Prompt:
The listing below is to be copied exactly, with pictures excluded.
Dataset content Block Start
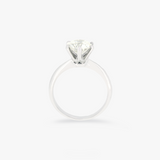 Portia | 1.7CT ROUND CEREMONIAL SOLITAIRE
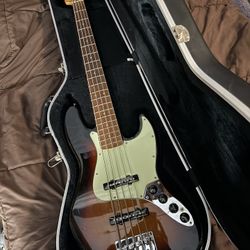 Fender MIM Jazz Bass 
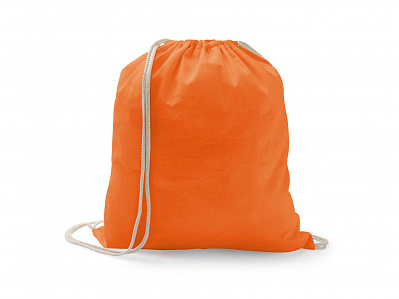 Сумка в формате рюкзака из 100% хлопка ILFORD (Оранжевый)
Dataset content Block End
Answer:
 Portia | 1.7CT ROUND CEREMONIAL SOLITAIRE
 Fender MIM Jazz Bass 
 Сумка в формате рюкзака из 100% хлопка ILFORD (Оранжевый)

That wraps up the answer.